Ce n’est pas la première fois qu’Apple est attaqué pour ce sujet, mais cette fois, la plainte pourrait avoir une portée et un impact importants, expliquent nos confrères. Car si, depuis des années, Apple prône la défense de la vie privée de ses utilisateurs, sa stratégie est de plus en plus critiquée. D’autant que ces derniers mois, des décisions de justice récentes ont rendu, outre Atlantique, les plateformes responsables des publications ou des messages de leurs utilisateurs dans certaines situations, expliquent nos confrères.

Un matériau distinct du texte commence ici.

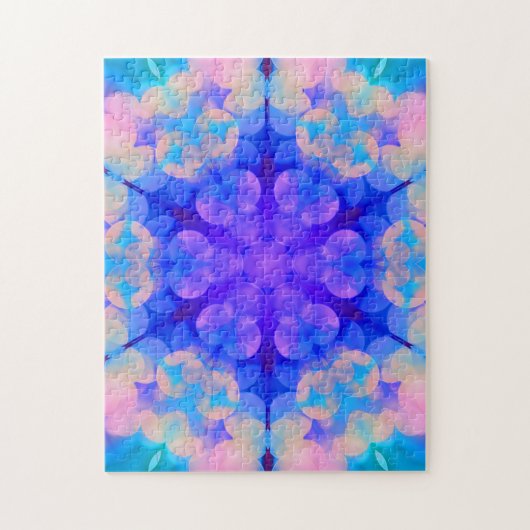 Puzzle Bleu et rose Gradient Pastel Bubble Art (Vertical)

Après l’annonce de l’action en justice, Apple a répondu qu’elle n’était pas responsable des contenus stockés sur iCloud par ses utilisateurs. L’entreprise américaine estime qu’elle ne peut pas faire l’objet d’une action en responsabilité du fait des produits puisqu’iCloud ne serait pas un produit au sens de la loi américaine. Pour Fred Sainz, porte-parole d’Apple, « les contenus pédopornographiques sont odieux et nous nous engageons à lutter contre la façon dont les prédateurs les diffusent. Nous innovons de toute urgence et activement pour lutter contre ces crimes sans compromettre la sécurité et la vie privée de tous nos utilisateurs ».
Le débat aussi vif en Europe
Si l’issue de cette action en justice pourrait changer la donne dans le pays, le débat entre vie privée et protection des mineurs est aussi vif en Europe. Sur le Vieux continent, le projet de règlementation européen CSAM (pour Child Sexual Abuse Material) prévoit d’imposer aux plateformes numériques, y compris les messageries chiffrées, la détection et la suppression de contenus pédopornographiques.
De quoi mettre vent debout les experts en cybersécurité et les associations ou organisations défendant la vie privée en ligne, qui expliquent là aussi qu’obliger à une telle détection reviendrait à surveiller tous les contenus échangés via des applications ou sur le Web. Ce qui mettrait, selon ces dernières, fin à la vie privée et au secret de la correspondance en ligne.
Il n’existe pour l’instant pas de consensus sur le texte : vendredi 6 décembre, les 27 pays de l’Union européenne ne sont pas parvenus à s’accorder sur une seule et même position. Selon Contexte ce lundi 9 décembre, la prochaine réunion aura lieu à Bruxelles le 12 décembre prochain.